# Some work featuring BSea alumilite



## watch_art (Nov 19, 2015)

The customer wanted a pen in the style of a katana (or whatever the short knife is called) with the gray representing damascus steel.  Bob did a great job with this one.  








This is based on his Kingman Turquoise, but with blue as the dominant color.  I love it.





And this is some of his 7 Seas.  Made a piston filler with it.


----------



## Sappheiros (Nov 19, 2015)

They're all great!  That first one, though..  Such an interesting conceptualization.  I like it!


----------



## BSea (Nov 21, 2015)

The katana looks good.  I'm glad to finally see the gray damascus blank turned. Do you have a picture of it closed?


----------



## mecompco (Nov 21, 2015)

I love the sword pen! FWIW, the tanto is the knife-sized sword, the mid-sized sword is the wakizashi, the katana is the large sword. This pen reminds one of a sword in shirasaya mounting, where the tsuka (handle) matches the saya (sheath) with no tsuba (guard). 

Regards,
Michael


----------



## watch_art (Nov 21, 2015)

BSea said:


> The katana looks good.  I'm glad to finally see the gray damascus blank turned. Do you have a picture of it closed?

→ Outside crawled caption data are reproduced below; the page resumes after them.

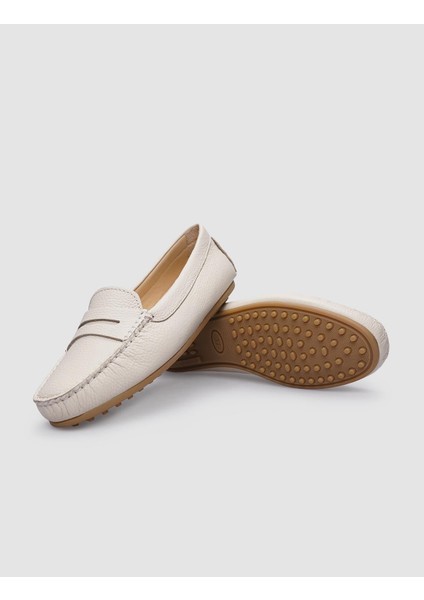 %100 Hakiki Deri Bej Kadın Loafer modelleri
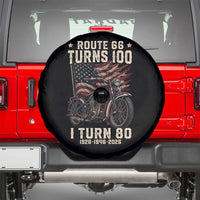 Route Highway 66 Turns 100 I Turn 80 Spare Tire Cover Vintage 1946 American Classic V-Twin Motorcycle Lover 80th Birthday Gift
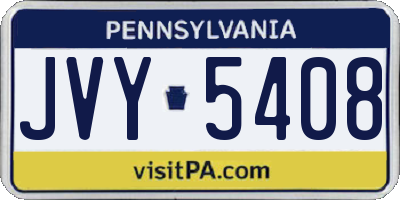 PA license plate JVY5408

Thanks!  Yeah I'm really happy with how it turned out.







mecompco said:


> I love the sword pen! FWIW, the tanto is the knife-sized sword, the mid-sized sword is the wakizashi, the katana is the large sword. This pen reminds one of a sword in shirasaya mounting, where the tsuka (handle) matches the saya (sheath) with no tsuba (guard).
> 
> Regards,
> Michael



That's it!  
Thanks


----------



## thewishman (Nov 21, 2015)

Shawn, it is always fun to see your work. Thanks for sharing your pens with us.


----------



## watch_art (Nov 21, 2015)

Here's another I finished this morning.  I love this material!


----------



## MikeL (Nov 22, 2015)

Wow!  Great work.


----------



## Sappheiros (Nov 23, 2015)

Oh, wow!  It gets even better!  I want one!


----------



## jeff (Dec 2, 2015)

That Kingman Turquoise lookalike is a nice addition to the front page :biggrin:


----------



## Ric (Dec 2, 2015)

Holy Crap Jack!  These pens are gorgeous George !  I think all of them are fantastic, but I have to admit that the one fashioned after the Japanese "Tanto" as Michael has pointed out is my favourite.  A lot of planning & work has gone into the designs of all three, no four pens, from the blank making, to the drilling, turning thread cutting, both in & outside threads, & all that polishing...Take a bow Shawn, these accolades are all for you.
Great job.
Ric.
'IF LIFE HANDS YOU LEMONS...MAKE MOJITOS"


----------



## watch_art (Dec 2, 2015)

Thanks!  So cool to get front page.


----------



## Sappheiros (Dec 3, 2015)

Congrats on making it to the front page!


----------